**Material for this task**
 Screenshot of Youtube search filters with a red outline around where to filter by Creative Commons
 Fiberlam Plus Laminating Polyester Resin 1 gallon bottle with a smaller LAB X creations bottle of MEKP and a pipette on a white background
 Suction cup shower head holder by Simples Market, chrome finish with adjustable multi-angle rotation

==

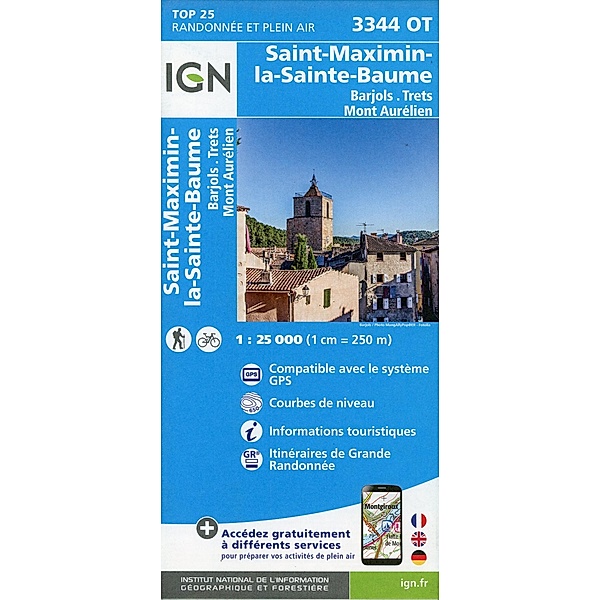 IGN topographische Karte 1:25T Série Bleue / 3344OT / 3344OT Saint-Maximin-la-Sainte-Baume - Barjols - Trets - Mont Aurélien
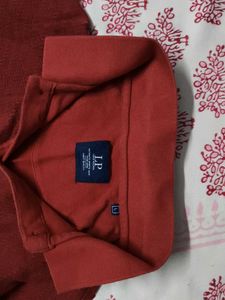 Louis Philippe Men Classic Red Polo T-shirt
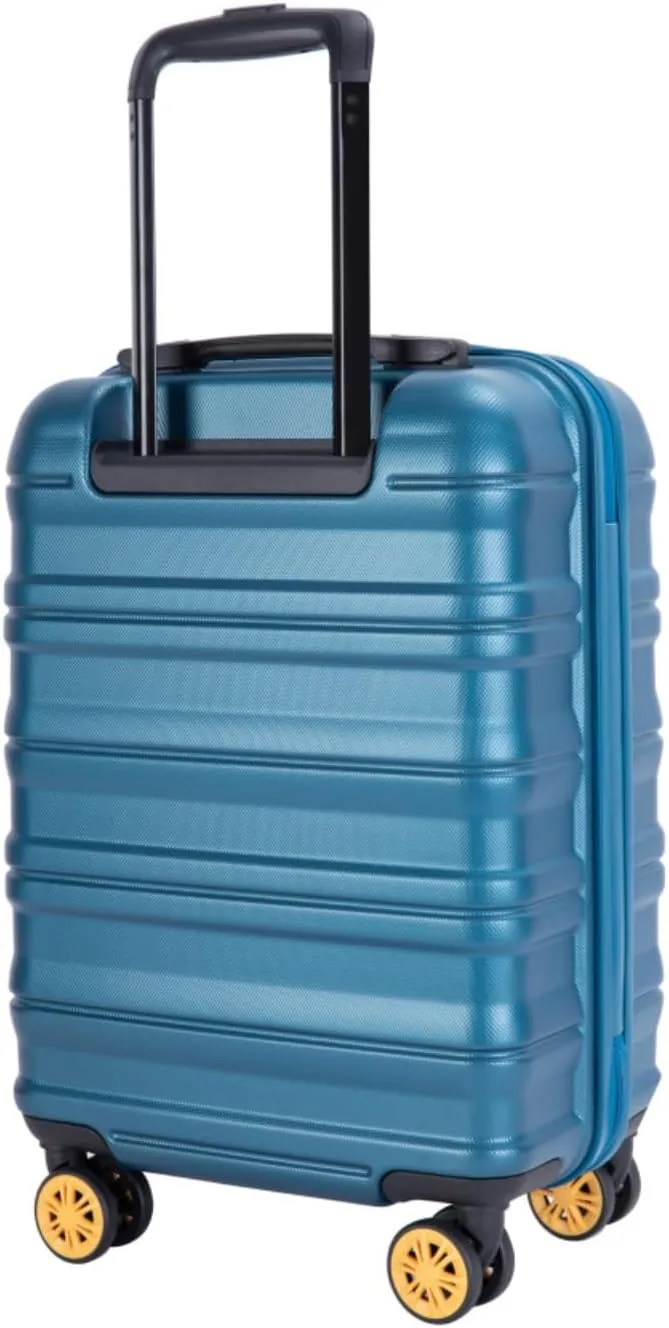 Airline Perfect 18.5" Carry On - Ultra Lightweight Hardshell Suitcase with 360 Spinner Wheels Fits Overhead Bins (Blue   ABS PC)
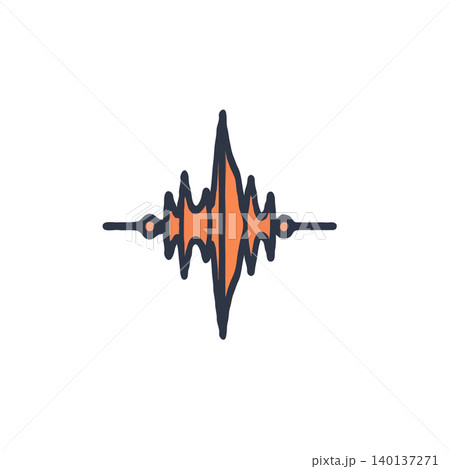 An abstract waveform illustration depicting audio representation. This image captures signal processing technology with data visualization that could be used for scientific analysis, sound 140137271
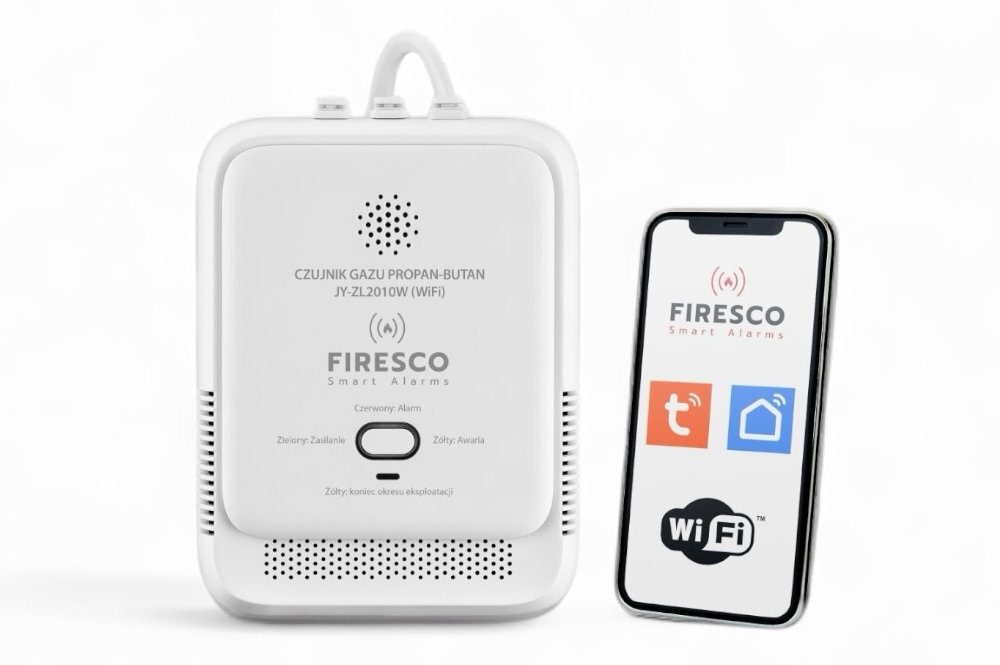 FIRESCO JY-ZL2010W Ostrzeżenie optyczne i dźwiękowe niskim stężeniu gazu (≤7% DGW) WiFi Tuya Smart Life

--

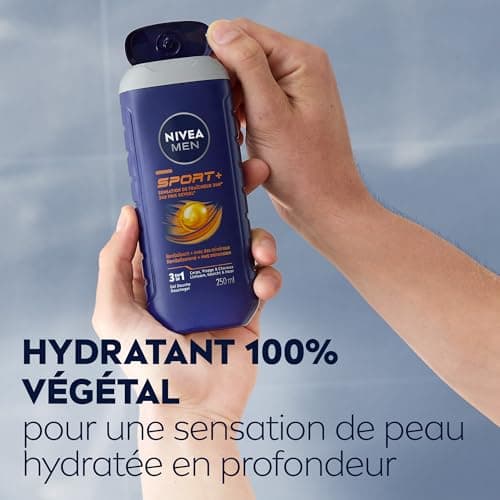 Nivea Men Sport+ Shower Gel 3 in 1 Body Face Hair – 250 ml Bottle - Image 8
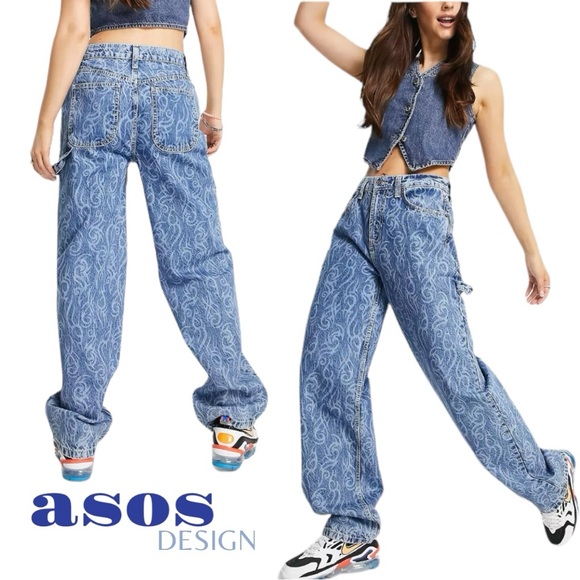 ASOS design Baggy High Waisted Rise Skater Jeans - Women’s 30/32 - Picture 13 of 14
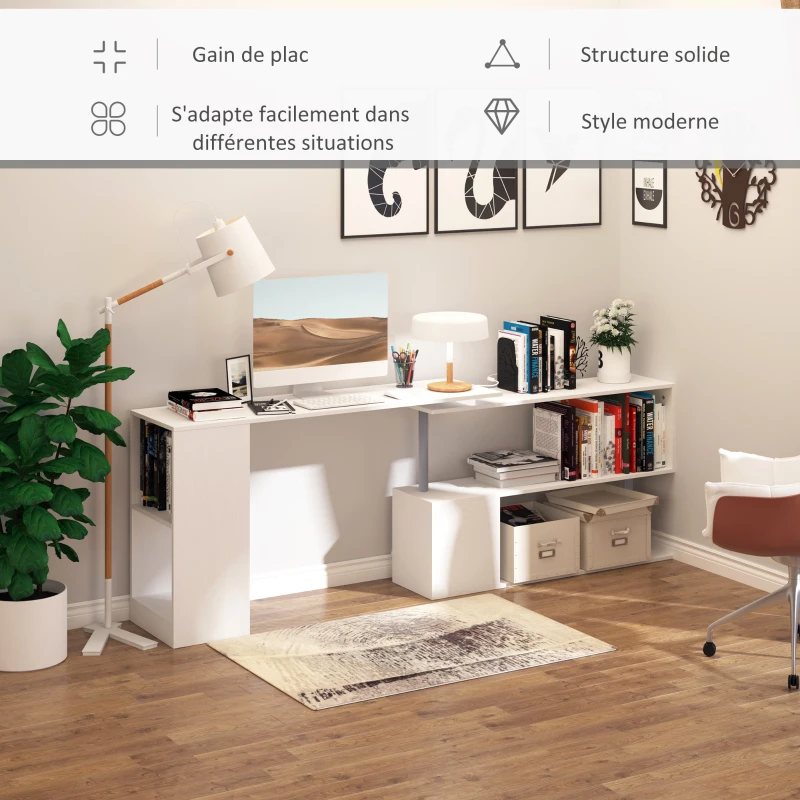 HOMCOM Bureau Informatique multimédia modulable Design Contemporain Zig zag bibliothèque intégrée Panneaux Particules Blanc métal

**Directions**
From the entries above, print the lines beginning at the one with "Screenshot of Youtube" and stopping after the one with "Suction cup shower", exactly as written and with nothing else.

**Response to the exercise**
 Screenshot of Youtube search filters with a red outline around where to filter by Creative Commons
 Fiberlam Plus Laminating Polyester Resin 1 gallon bottle with a smaller LAB X creations bottle of MEKP and a pipette on a white background
 Suction cup shower head holder by Simples Market, chrome finish with adjustable multi-angle rotation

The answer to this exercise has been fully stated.